In order to obtain a continuance of a hearing, good cause must be shown under Minnesota Rules part 1400.7500. The rule indicates that “good cause” includes such matters as death or incapacitating illness of a party, improper notice of the hearing, a change in attorney, a change in parties or pleadings, and similar circumstances showing that more time is necessary in order to prepare for the hearing. “Good cause” under the rule does not include intentional delay or failure of the party to properly use the statutory notice period to prepare for the hearing. It appears that the Respondent is requesting a continuance in order to “subpoena verified counteraffidavits or any other sworn material evidence” from agents of the Department of Revenue. Under Minnesota Rules part 1400.6700, subp. 1, the Respondent is entitled to obtain copies of any relevant written or recorded statements made by the party or by witnesses within ten days of a written demand directed to the Department, along with the names and addresses of all witnesses that a party intends to call, a brief summary of each witness’ testimony, and all written exhibits. The Respondent thus does not have to serve a subpoena to obtain this information, but may simply make the request in writing to counsel for the Department. There is no showing that he has made such a request or that the Department has failed to provide him with materials that he has requested.
The Administrative Law Judge is not persuaded that the Respondent has shown that there is good cause for continuance of the February 26, 2003, hearing. Accordingly, the hearing will proceed as scheduled.
B.L.N.
[1] Minn. R. 1400.5500 (K).
[2] Sauter v. Sauter, 70 N.W.2d 351, 353 (Minn. 1955); Louwagie v. Witco Chemical Corp., 378 N.W.2d 63, 66 (Minn. App. 1985); Minn. R. Civ. P. 56.03; Minn. R. 1400.5500 (K).

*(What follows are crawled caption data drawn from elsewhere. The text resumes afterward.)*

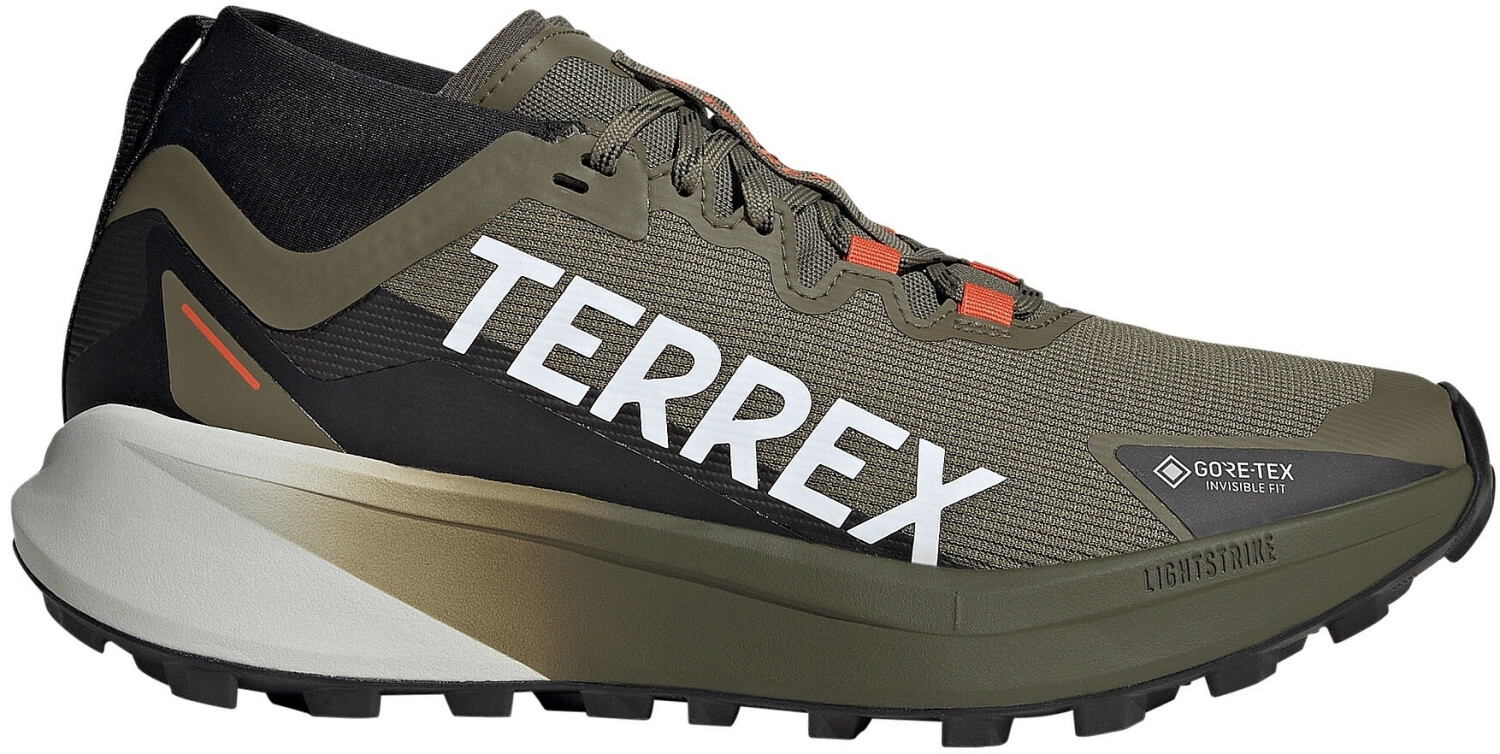 Adidas Terrex Agravic GTX olive strata/cloud white/semi impact orange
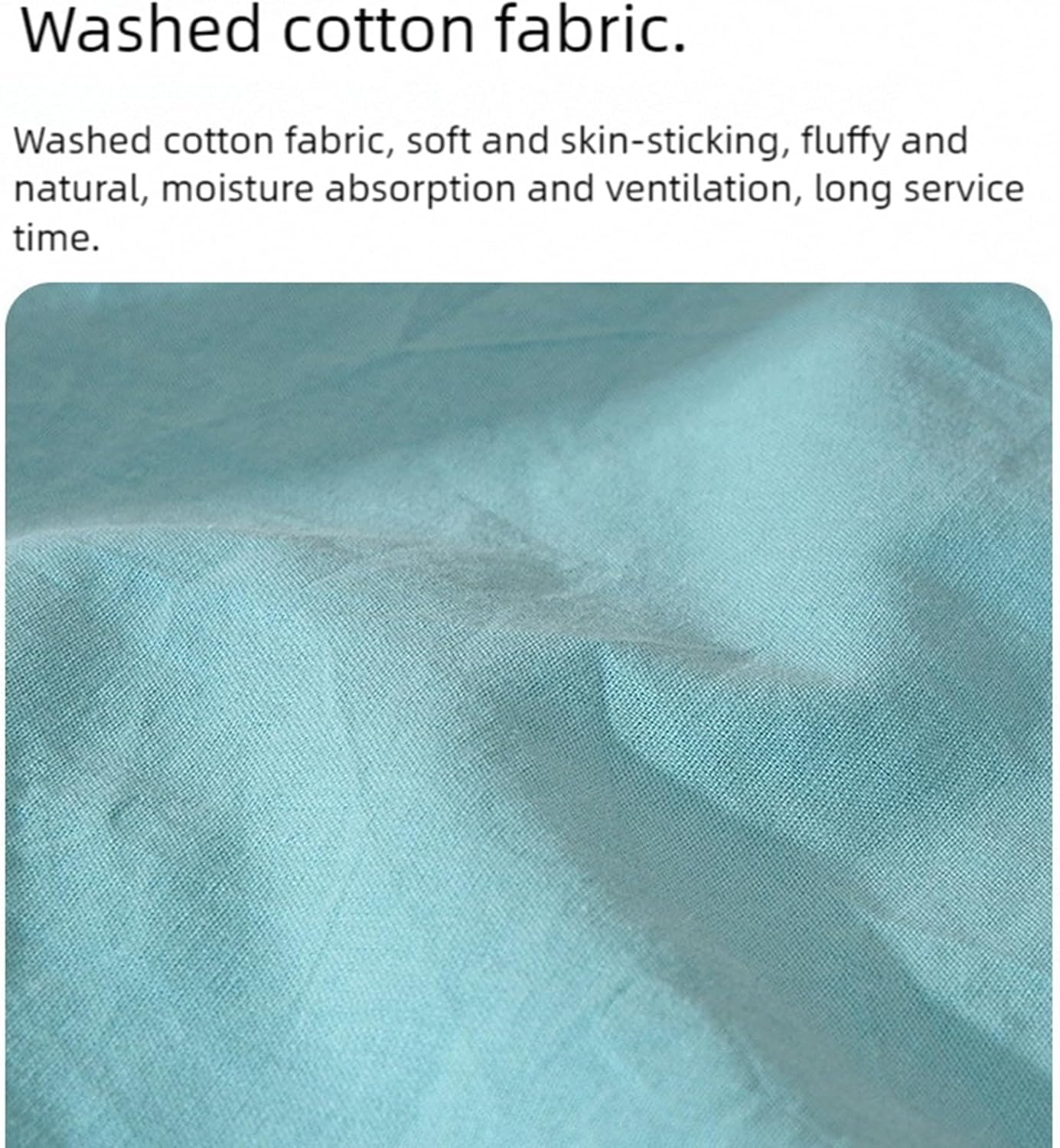 Washed Cotton Bear Checkered Pillowcase for Skin-Friendly Bed Accessories Air Permeable & Easy Care Toddler Pillow Cover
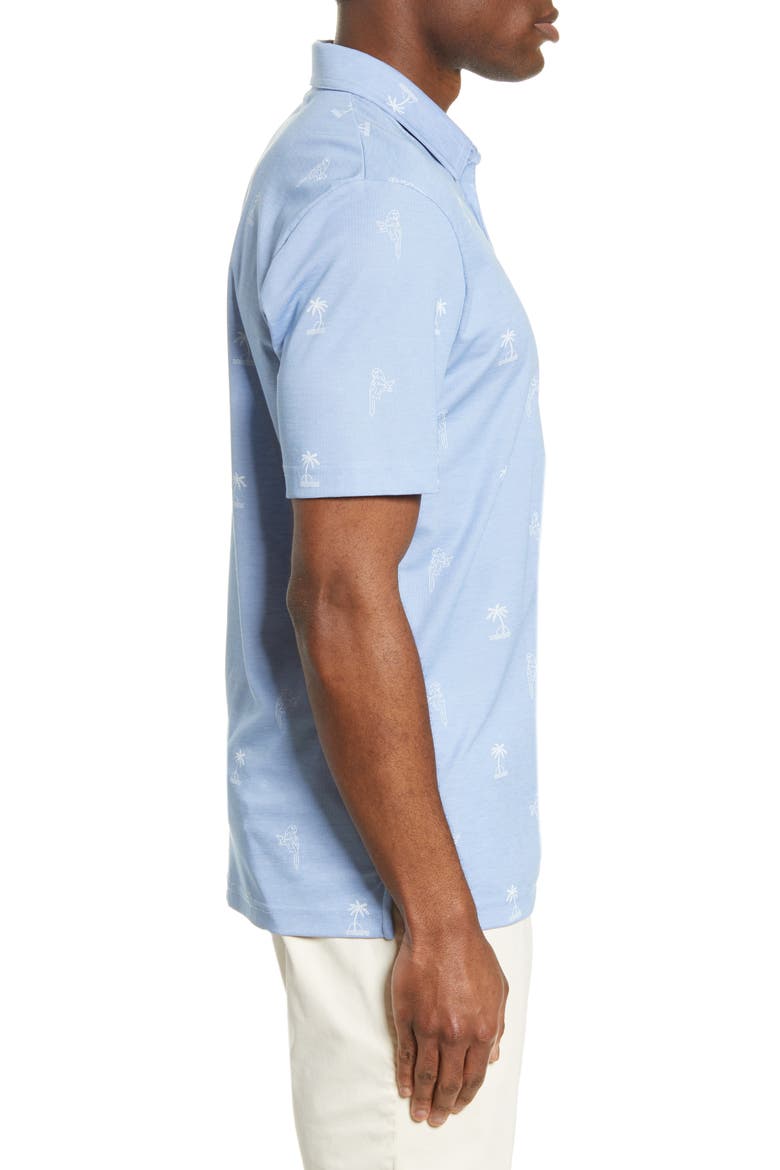 Loose Screws Palm & Parrot Polo, Alternate, color, HEATHER ALLURE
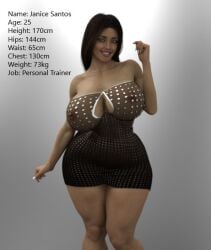 1girls 3d ass athletic athletic_female big_ass big_breasts bimbo breasts busty character_age character_bio character_height character_profile character_sheet character_weight cleavage curvaceous curvy female female_only fit fit_female hips hourglass_figure huge_ass huge_breasts human janice_santos large_ass large_breasts legs light-skinned_female light_skin lips original original_character reference_sheet thick thick_legs thick_thighs thighs three_sizes tonices top_heavy upper_body voluptuous wide_hips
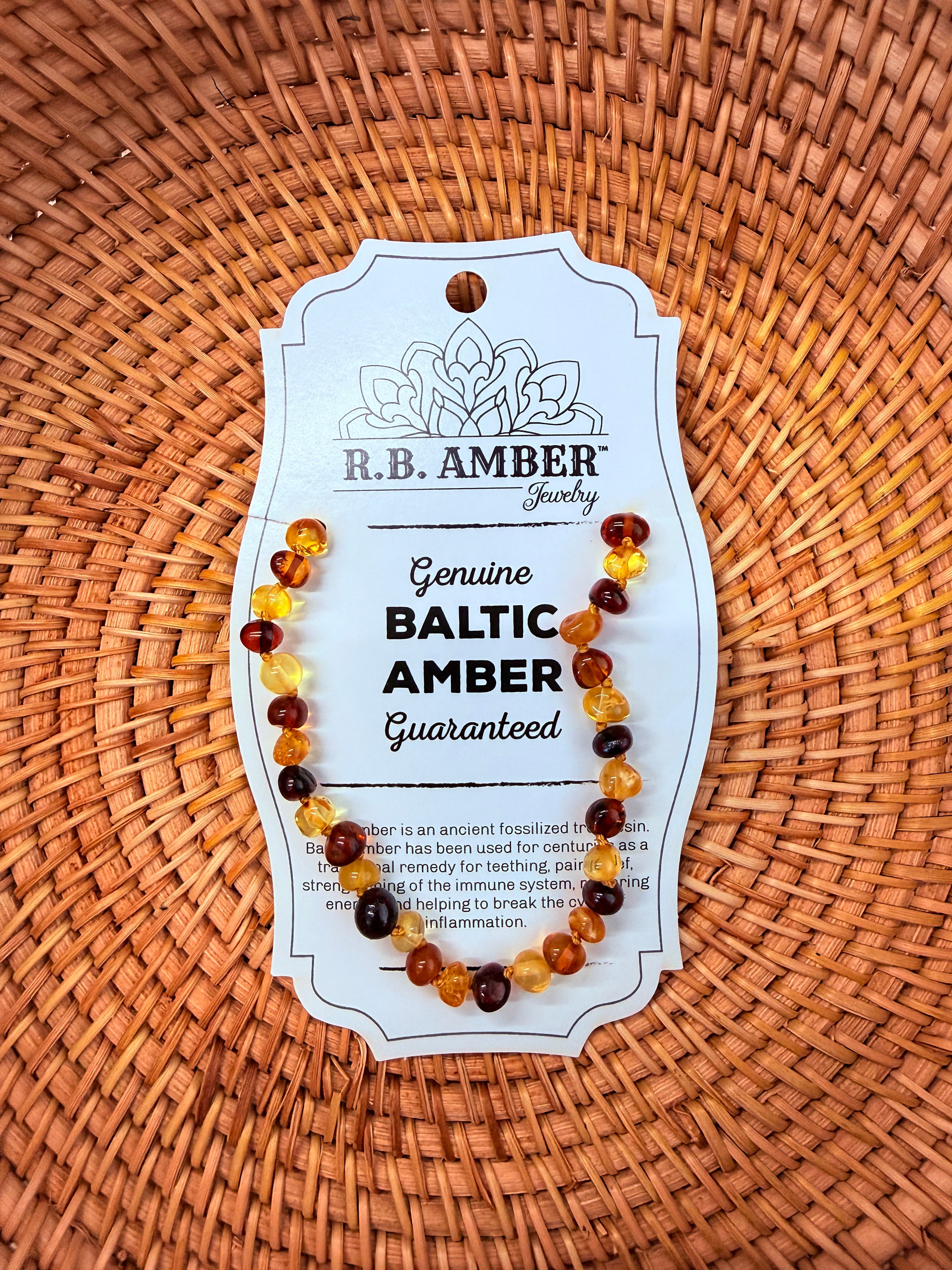 Baltic Amber Necklace Teether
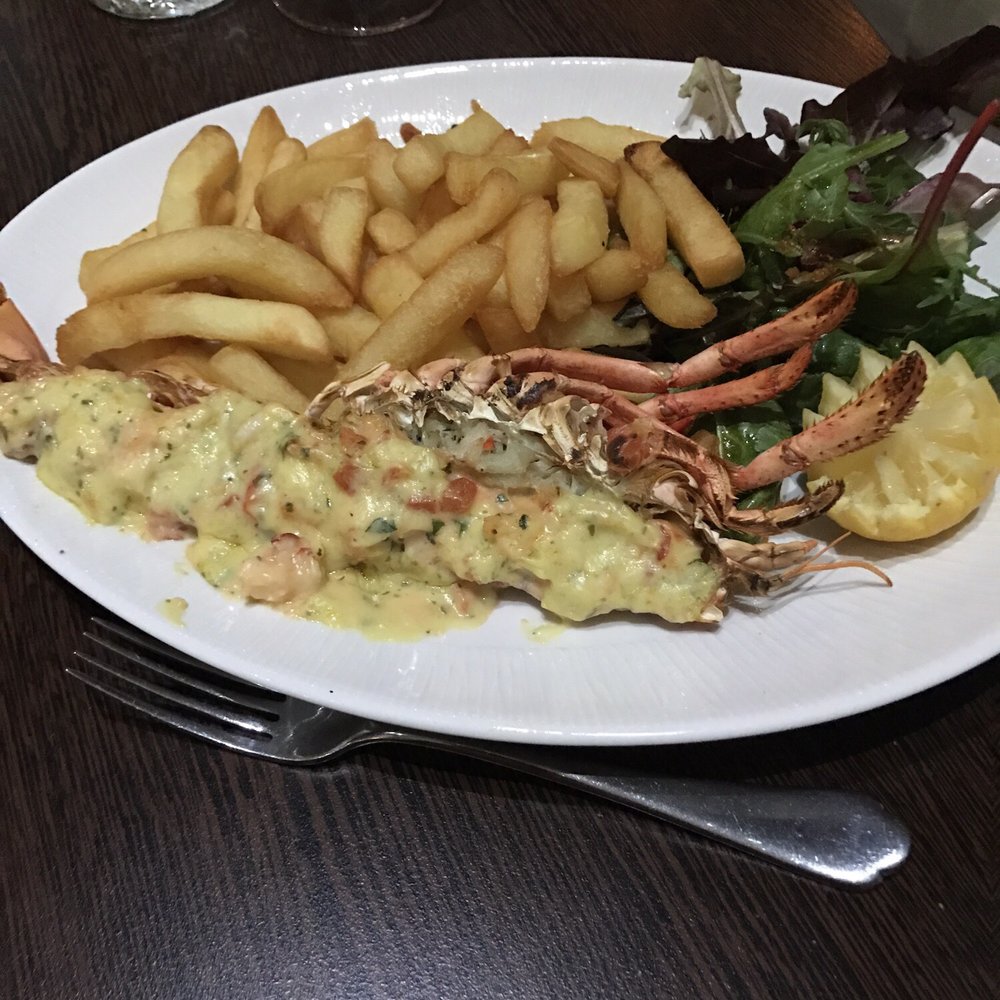 Yumn Brasserie - Lobster & chips Mains - Brasseries Near Me - Croydon, SRY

[3] Illinois Farmers Insurance Co. v. Tapemark Co., 273 N.W.2d 630, 634 (Minn. 1978); Highland Chateauv. Minnesota Department of Public Welfare, 356 N.W. 2d 804, 808 (Minn. App. 1984).
[4] Theile v. Stich, 425 N.W.2d 580, 582 (Minn. 1988).
[5] Highland Chateau, 356 N.W.2d at 808; Hunt v. IBM Mid America Employees, 384 N.W.2d 853, 855 (Minn. 1986).
[6] Id.; Murphy v. Country House, Inc., 307 Minn. 344, 351-52, 240 N.W.2d 507, 512 (1976); Carlisle v. City of Minneapolis, 437 N.W.2d 712, 715 (Minn. App. 1988).
[7] Carlisle, 437 N.W.2d at 715 (citing Celotex Corp. v. Catrett, 477 U.S. 317, 324 (1986)).
[8] See Celotex, 477 U.S. at 325; Thiele v. Stich, 425 N.W.2d 580, 583 (Minn. 1988); Greaton v. Enich, 185 N.W.2d 876, 878 (Minn. 1971); Dollander v. Rochester State Hospital, 362 N.W.2d 386, 389 (Minn. App. 1985).
[9] REM-Canby, Inc. v. Minnesota Dept. of Human Services, 494 N.W.2d 71, 74 (Minn. App. 1992), rev. denied (Minn. Feb. 25, 1993), citing Transamerica Ins. Group v. Paul, 267 N.W.2d 180, 183 (Minn. 1978).
[10] Mesaba Aviation Div. v. Itasca County, 258 N.W.2d 877, 880 (Minn. 1977).
[11] G. Beck, M.B. Gossman & L. Nehl-Trueman, Minnesota Administrative Procedure, 2nd Ed. (Weekend Publications 1998) at 218-220 (citations omitted).